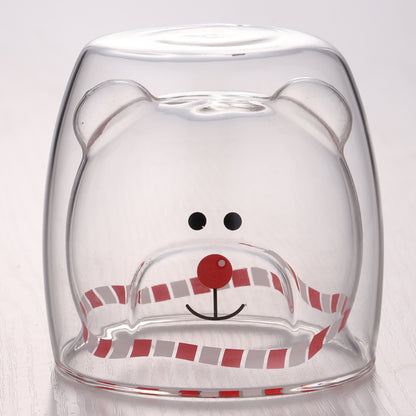 3D Double Layer Lovely Panda Cup Skull Wine Cup - HD Wireless Product #7
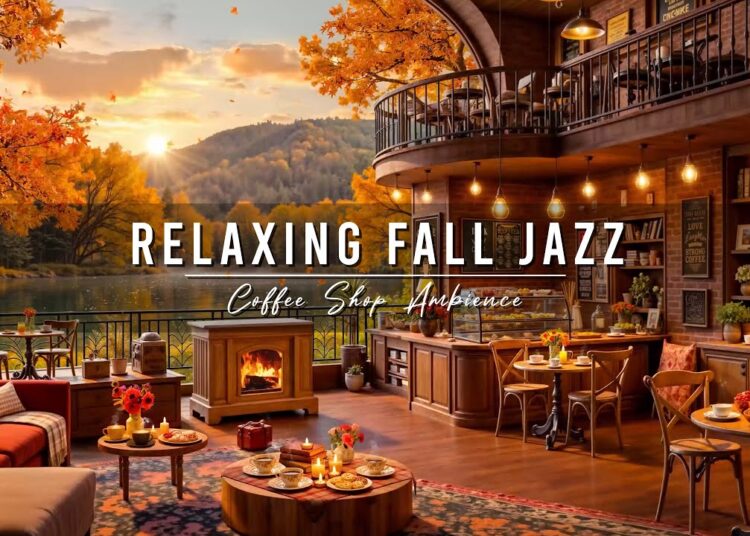 Relaxing Jazz Instrumental Music 🍂 Cozy Fall Morning with Smooth Jazz Music at Coffee Shop Ambience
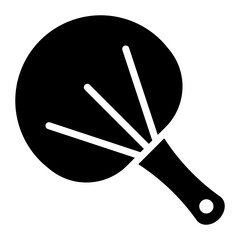 Hand Fan icon vector image. Can be used for Retro.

········

PROBLEM TO SOLVE »
Return the full listing above exactly as written, and omit the pictures.

SOLUTION TO THIS TASK »
 3D Double Layer Lovely Panda Cup Skull Wine Cup - HD Wireless Product #7
 Relaxing Jazz Instrumental Music 🍂 Cozy Fall Morning with Smooth Jazz Music at Coffee Shop Ambience
 Hand Fan icon vector image. Can be used for Retro.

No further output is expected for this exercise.